RK12=2.54 RK23= 0.206 RK30=0.206

as13=C13*(Tbus^4-Tencl^4)/( Tbus-Tencl) ; C13=epso*epsr; epso= 5.6704/10^8 Stefan-Bolzman Constant

epsr=1/(1/0.63+1/0.29) [ copper bar oxid.-bare steel ]

Tbus=65 Tencl=40 o C as13=1.556 As=0.7*(0.1+2*0.0125)=0.0875

RS12=1/as13/As13=1/1.556/.0875=7.346

The same way as30= 1.3485 and As30=0.693 RS30=1.07

The problem is RD20=1/Cp/ro/D if Cp=1004 ;ro=1.293 D=vol-air/sec=air-speed*section of flow; spd=5 m/sec Area=0.05*0.7=0.035 m^2

D= 0.175 and RD20=0.0044.

Now we have to solve the power flow network.

Let's say P1,P2 and P3 are virtual circular powers- in such way Pi*Ri=DTi.

If we shall calculate the voltage drop around each circle we shall get:

Req=RK30*RS30/(RK30+RS30)

P2*(RK12+RK23+RS13)-P3*RK23=P1*RS13

P3*(RD20+Req+RK23)-P2*RK23=P1*Req

But P1=Ptot=17.75 w

Then P2=13.23 w ;P3= 15.11 w

Now DT=P1*RS13-P2*RS13+P1*Req-P3*Req= 32.67 oC

Neglecting RD20[RD20=10^4 for instance] DT=38.55

If the actual temperature rise it is 70 oC it could be possible an other small heat loss from vicinity penetrates this compartment.

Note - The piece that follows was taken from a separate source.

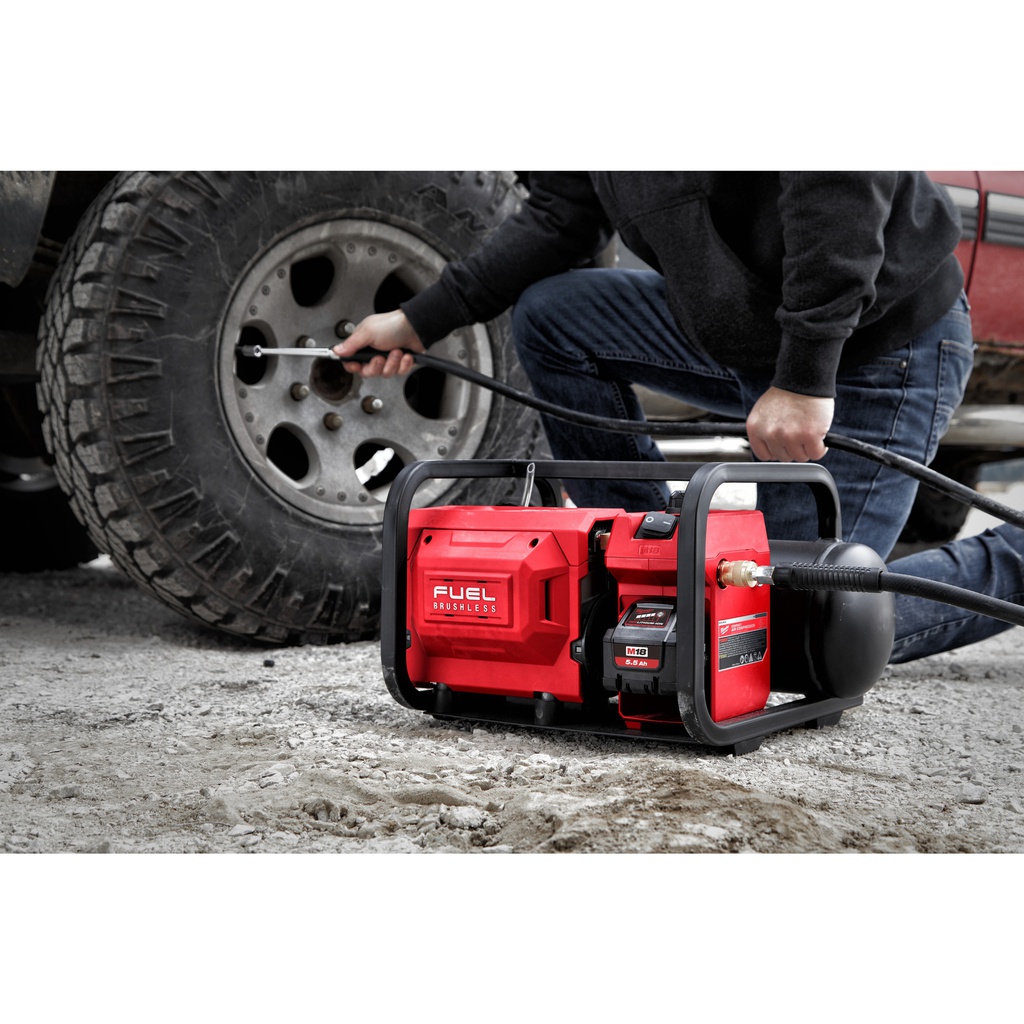 M18_FUEL™_Sprężarka_Milwaukee_M18_FAC-0_5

I have a similar question. please answer me if the ambient temperature is 40c and a current of 240 A is passed through a copper bus bar that its cross section is 5x25, what is the temperature rise ?

If there are same dimensions of the compartment and no other heat losses would enter the room-as lighting bulb or relay coil- then 20 to 25 dgr.C could be the [bare]busbar temperature rise.